BEIJING May 6, 2026 – China’s Ministry of Commerce has issued its first-ever prohibition order under the 2021 Blocking Rules, directing all domestic companies and individuals not to recognize, enforce, or comply with U.S. sanctions imposed on five Chinese oil refineries accused of purchasing Iranian crude.
The move, announced on May 2, 2026, marks the inaugural use of the “Rules on Counteracting Unjustified Extraterritorial Application of Foreign Legislation and Other Measures.” It directly counters recent U.S. Treasury Department sanctions targeting the refineries for allegedly helping Iran bypass American restrictions and generate revenue for Tehran.
The five affected entities are:
- Hengli Petrochemical (Dalian) Refinery Co. (one of China’s largest private refiners, sanctioned by the U.S. on April 24, 2026)
- Shandong Jincheng Petrochemical Group
- Hebei Xinhai Chemical Group
- Shouguang Luqing Petrochemical
- Shandong Shengxing Chemical
These so-called “teapot” refineries — smaller, independent processors concentrated in Shandong province — have become major buyers of discounted Iranian oil in recent years. U.S. officials have accused them of processing billions of dollars’ worth of Iranian crude, often through complex shipping arrangements involving shadow fleets.
In a statement, China’s Ministry of Commerce described the U.S. measures as an “unjustified extraterritorial application” of foreign law that violates international norms. The prohibition order legally shields Chinese firms from penalties if they continue business with the sanctioned refineries, creating a direct legal conflict for any multinational banks, shippers, or traders caught between the two jurisdictions.
Analysts note the timing is significant: the order comes just weeks before a planned summit between U.S. President Donald Trump and Chinese President Xi Jinping in Beijing. It underscores Beijing’s determination to protect its energy security and strategic imports amid escalating U.S. pressure on Iran’s oil trade.
China has long argued that unilateral U.S. sanctions lack legitimacy under international law. The Blocking Rules, first introduced in January 2021 and recently strengthened, give Beijing tools to retaliate against what it views as abusive foreign legal overreach — including potential countermeasures such as fines, trade restrictions, or lawsuits against companies that over-comply with U.S. sanctions at the expense of Chinese interests.
For Iran, the development provides critical economic relief. China remains the largest buyer of Iranian oil, with imports estimated at 1.0–1.3 million barrels per day, helping Tehran offset the impact of long-standing U.S. sanctions.
U.S. officials have warned that continued Chinese purchases of Iranian oil finance activities they consider destabilizing in the Middle East. Washington has intensified enforcement actions in recent months, including additional designations of shipping entities and alerts to financial institutions about risks tied to China’s teapot refineries.

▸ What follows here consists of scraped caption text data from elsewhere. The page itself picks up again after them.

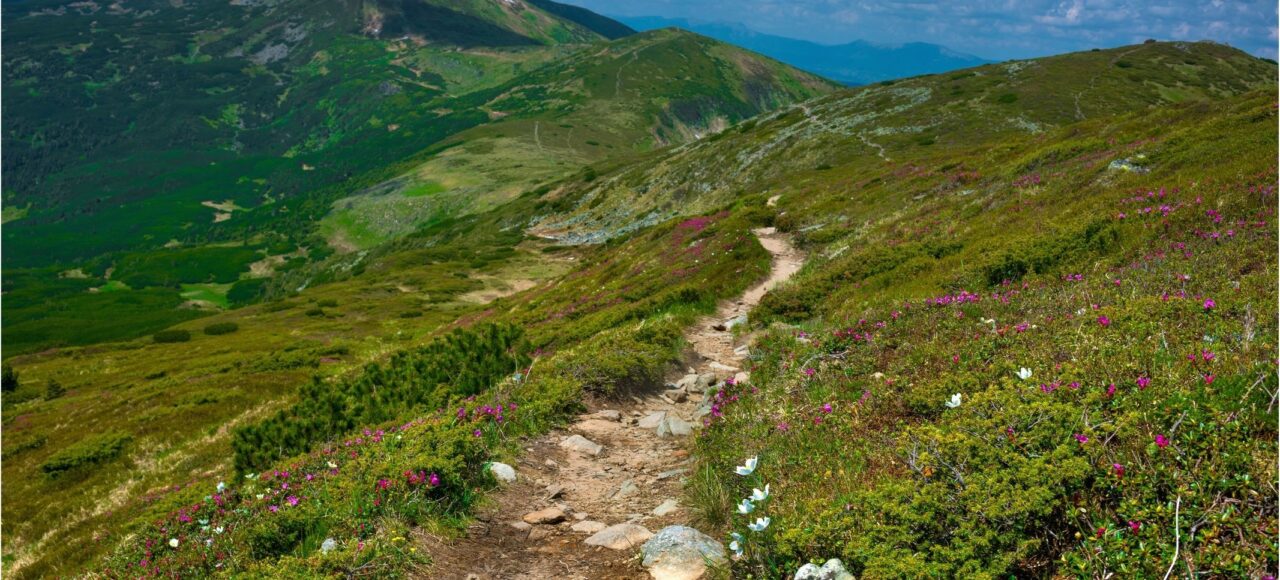 Похід на Говерлу зі Львова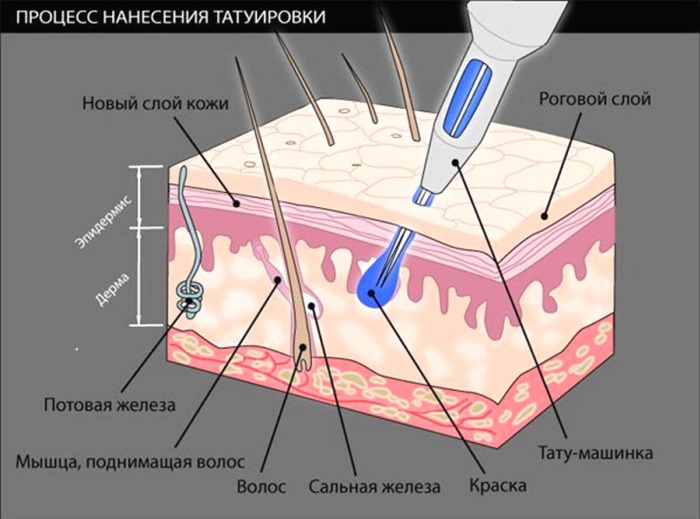 Maquillage permanent des sourcils. Contre-indications, conséquences, complications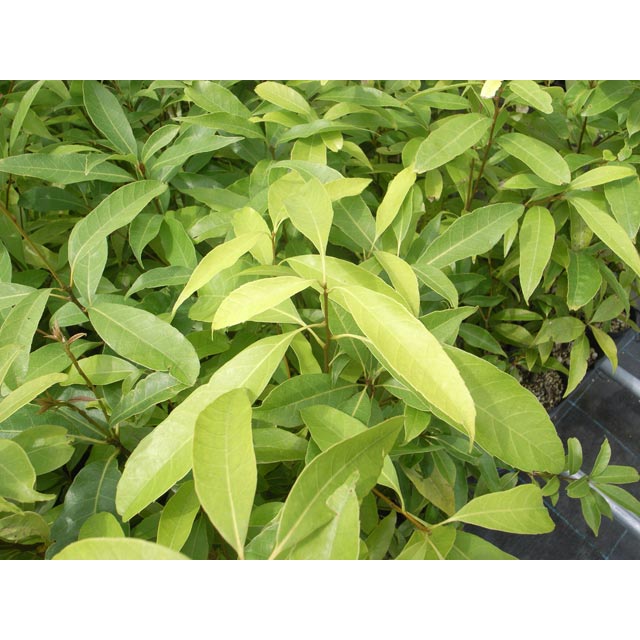 ���饫�������ڡ�������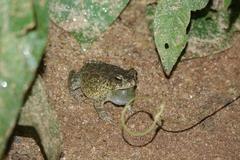 Sclerophrys maculata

The Chinese order does not extend to other parties sanctioned alongside the refineries (such as vessels or ports) and applies specifically to the five named entities. However, legal experts say it creates a high-stakes compliance dilemma for global companies operating in both markets.
This is the latest flashpoint in the broader U.S.-China economic and geopolitical rivalry, where energy trade, sanctions enforcement, and supply chain security increasingly collide.
Life News Agency will continue to monitor developments, including any potential U.S. response or further escalation ahead of the Trump-Xi meeting.